It's the film, of course. You can put all kinds of film into any 35mm camera -- and get all kinds of results. Digital also gives you all kinds of results, but they are from either changing settings or post-processing. Ultimately, the recording sensor in the digital camera is going to control what range of results you can get -- the camera itself just comes along for the ride.
Back when I did yearbook shooting in high school and college, we used to buy a roll or two a year of infrared film, using Ektachrome Infrared color slide film. Turns out that the sensors in many digital cameras are sensitive to IR light, so they have to have an IR blocking filter mounted to keep the images restricted to visible light.
I read up on places that replace the IR filter with a visible light filter, converting the digital camera to IR use only. Alas, that requires a spare camera body AND a couple of hundred dollars.
But... it turns out that those IR blocking filters are not 100% effective. So if you're willing to use a tripod and long exposures, you can still do digital IR photography if you have a visible light blocking filter for the lens. AND, one source says that the Nikon D1 Series DSLRs are very good for this, because they use a CCD instead of a CMOS sensor.
Plus I had an infrared filter.
I remember seeing this totally black filter in Wendy's camera bag amongst a group of filters. Paul had used it way back in the 70s when he played with some of the Kodak High Speed Infrared black & white film.
Tiffen Wratten No. 87 Series VIII filter.
The glass Wratten filters take the gelatin filter and sandwich it between two pieces of glass. This filter suffers from some deterioration. (Click on photo for larger.)
Alas, it's a Series VIII filter and I haven't found a Series VIII to 52mm adapter.

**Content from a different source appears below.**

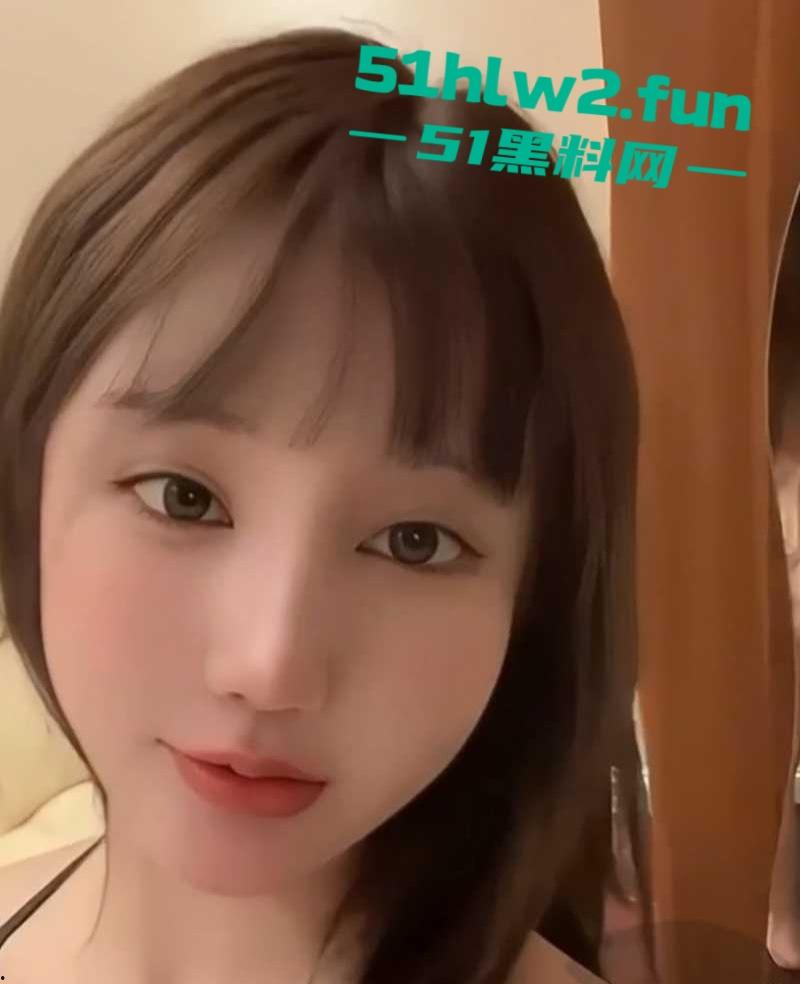 高人气外围女神 【yooheejadeda 】尽情展现她魂摄魄魅力，乳交吸屌花样玩法解锁绝对让你欲火焚身！-2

But, there was an old Nikon HR-1 rubber lens hood, and I found that I could loosely hold the larger Series VIII filter in the rubber and attach it onto a 52mm thread.

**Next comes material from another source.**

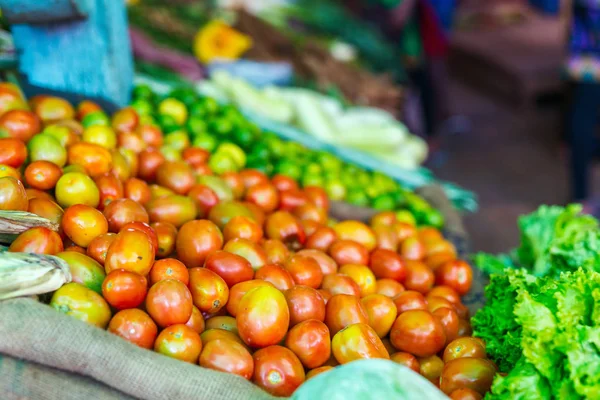 Close Fresh Organic Tomatos Outdoor Market — Stock Photo, Image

So I picked out a 24mm f2.8 AI converted Nikkor lens, because it has an IR focusing index, closed the eyepiece shutter, set the ISO to 400 and the aperture to f5.6, as recommended, and did a handheld shot at about 1/3rd of a second. Just to see if I got anything.
This is lightly manipulated. (Click on photo for larger.)
Next I broke out the tripod and set the camera up by the open back deck door.
Oops, this is what happens when you pan the tripod head and you've got a black filter over the lens -- next time I'll use a level. (Click on photo for larger.)
I've ordered a cheap Opteka 52mm R72 filter from Amazon -- it's supposed to be more of a 780nm cutoff, rather than 720nm, but it'll attach to a lot of my lenses -- all of my AI Nikkors from my old camera bag and several of my AF Nikkors. Amazingly, with the R72 filter, the autofocus should actually work.
This should be fun.
Oh, and the D1 Series? They also see into the UV spectrum. Lenses are a problem, but you can use EL Nikkor enlarging lenses, apparently -- and I have one or two of them. Need a helical mount, for focusing, and a UV pass filter... don't know what that'll cost. But that'll be for later.